Dans une tribune publiée dans le journal Ouest France le 26 janvier 2021, notre présidente, Cécile Coudriou, appelle à un sursaut citoyen et rappelle que les droits humains doivent, hors de toute logique partisane, être un sujet des élections et peser dans les urnes.
À quelques semaines de l’élection présidentielle, nous faisons entendre notre voix, dans un esprit non-partisan, loin de la polarisation et des excès qui caractérisent les débats actuels. Nous appelons à un sursaut citoyen, d’autant plus nécessaire que la pré-campagne a déjà été marquée par une surenchère de propositions contraires au respect des droits humains et d’attaques par plusieurs candidats et éditorialistes contre l’État de droit, le droit européen et le droit international.

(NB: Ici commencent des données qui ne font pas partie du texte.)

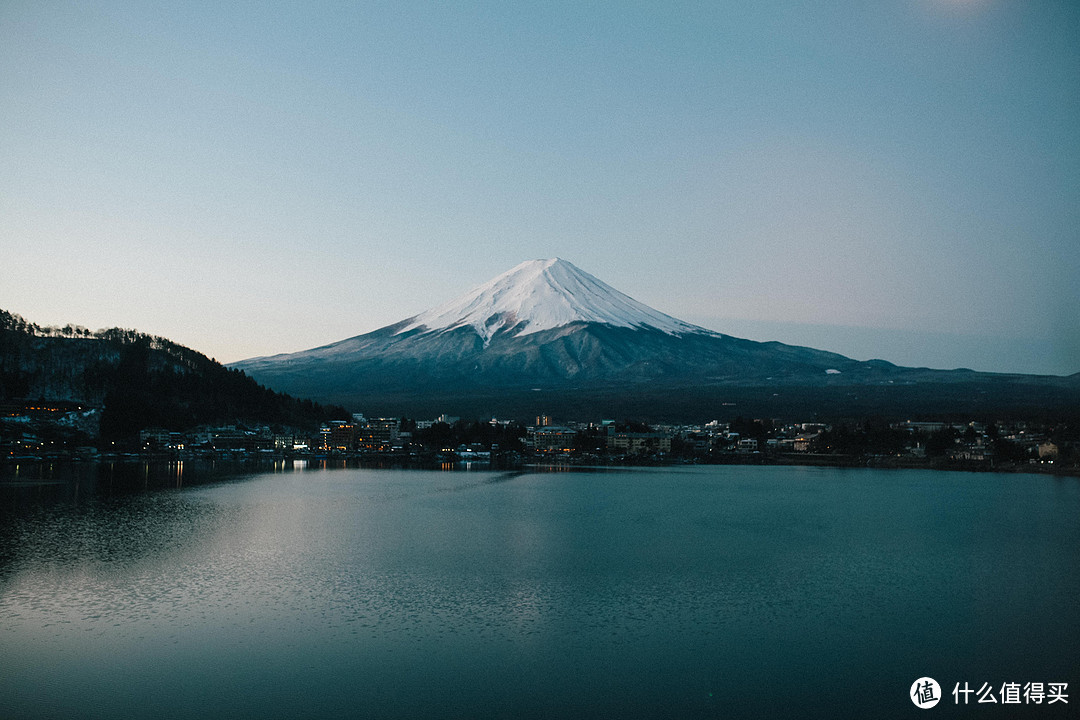 富士山下，河口湖畔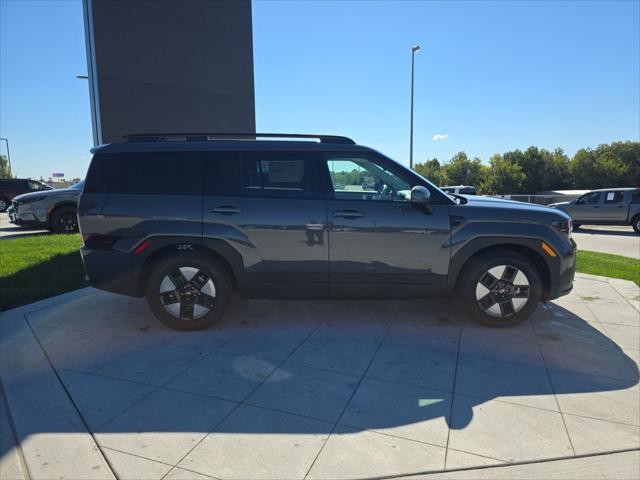 Hyundai Santa Fe Hybrid Vehicle Full-screen Gallery Image 4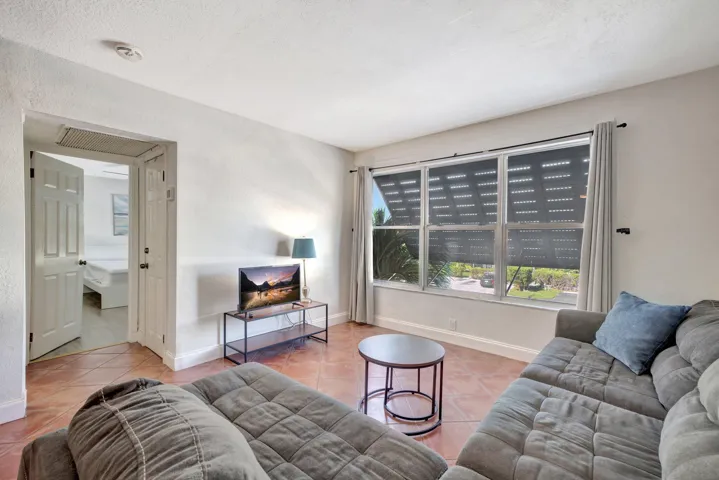11-web-or-mls-699A5197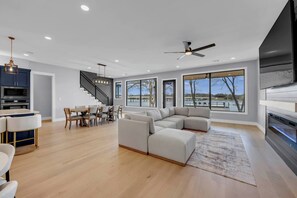 TV, peis, fotballspill og bordtennis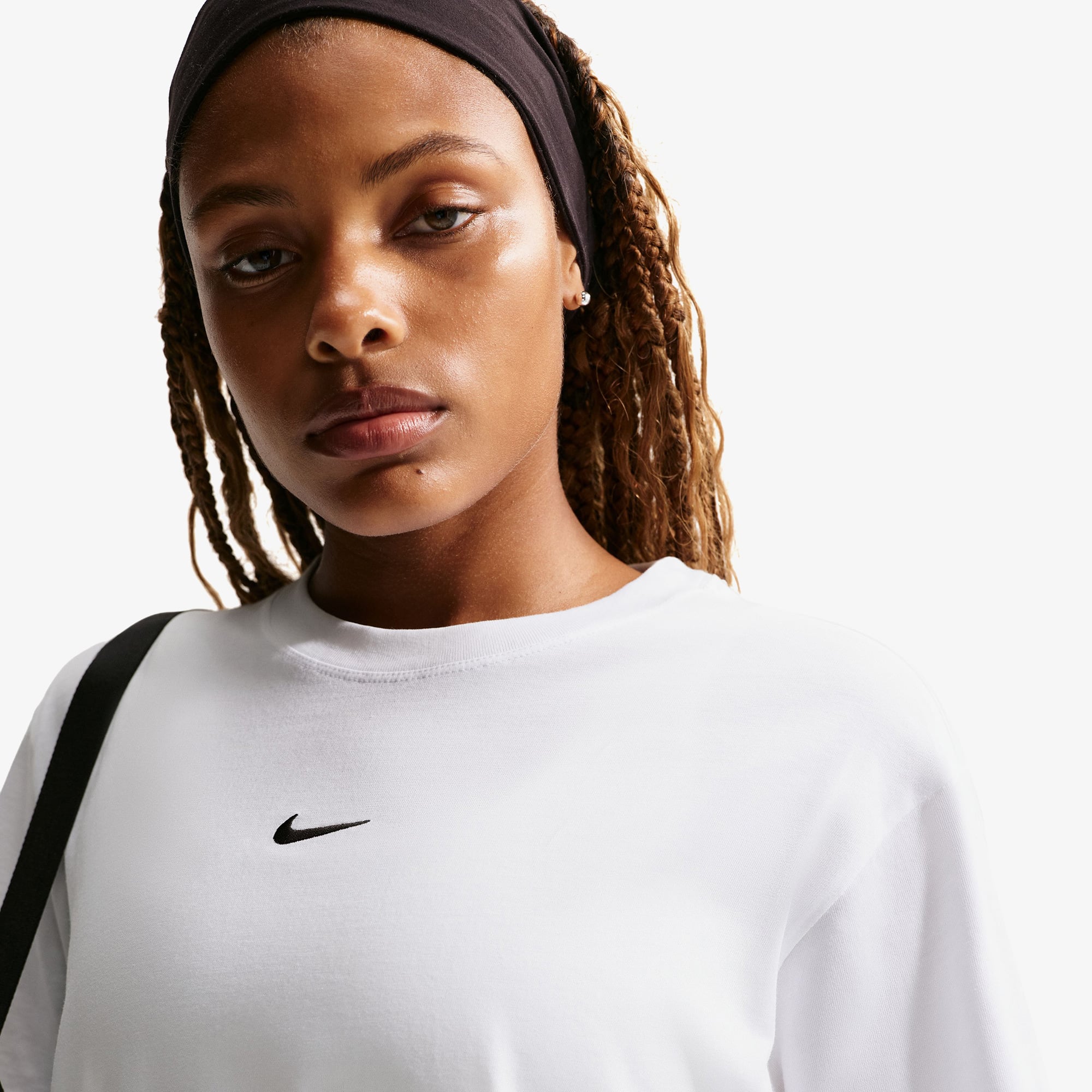 Nike Sportswear Classic Kadın Beyaz T-Shirt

À grand renfort de tweets fracassants et de « fake news » qui inondent les réseaux sociaux, d’éditoriaux et de petites phrases soigneusement ciselés, ou de bandeaux accrocheurs sur les chaînes d’infos, l’assaut est lancé : haro sur les engagements internationaux de la France, sur la Cour européenne des droits de l’homme, sur la Convention de Genève garantissant la protection des réfugiés !
Nous faisons entendre notre voix, dans un esprit non-partisan, loin de la polarisation et des excès qui caractérisent les débats actuels
Haro sur les valeurs et les droits universels auxquels tous les peuples aspirent pourtant ! Une opinion publique parfois déjà inquiète est chauffée à blanc, poussée au rejet de l’autre et au repli sur soi. Les droits humains, comme ceux et celles qui les défendent, sont constamment attaqués. Un vent mauvais souffle indéniablement sur l’idée même de l’État de droit, parfois présenté comme un obstacle et non plus une protection contre l’arbitraire.

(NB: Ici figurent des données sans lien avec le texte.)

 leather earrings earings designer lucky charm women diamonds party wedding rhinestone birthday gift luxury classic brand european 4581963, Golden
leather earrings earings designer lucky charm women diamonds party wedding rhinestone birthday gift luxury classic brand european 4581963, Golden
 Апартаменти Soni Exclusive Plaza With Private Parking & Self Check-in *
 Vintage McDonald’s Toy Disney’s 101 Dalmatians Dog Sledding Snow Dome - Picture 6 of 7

Cette dérive, d’abord insidieuse, s’accentue année après année, mois après mois, et plus encore à l’approche de la présidentielle. C’est d’autant plus grave que la France est le pays de la Déclaration des droits de l’homme et du citoyen, le pays où a été signée la Déclaration universelle des droits de l’homme des Nations unies. Comment la France pourrait-elle porter et défendre ses valeurs, hors de ses frontières ainsi que dans les enceintes multilatérales, si elle ne fait pas elle-même preuve d’exemplarité ?
Aller plus loin : Notre manifeste pour l'élection présidentielle 2022
« Nos droits ne sont pas négociables »
On ne peut ignorer l’effet domino qui se produit lorsqu’un État s’affranchit du respect du droit. Rien ne serait plus délétère que de détricoter le droit international construit depuis la Seconde Guerre mondiale. Les textes internationaux signés et ratifiés par les États constituent un cadre commun qui nous protège tous. Diriger la France exige de rester fidèle à ce cadre tout autant qu’à nos valeurs : liberté, égalité, fraternité. Cette élection est l’occasion de le rappeler.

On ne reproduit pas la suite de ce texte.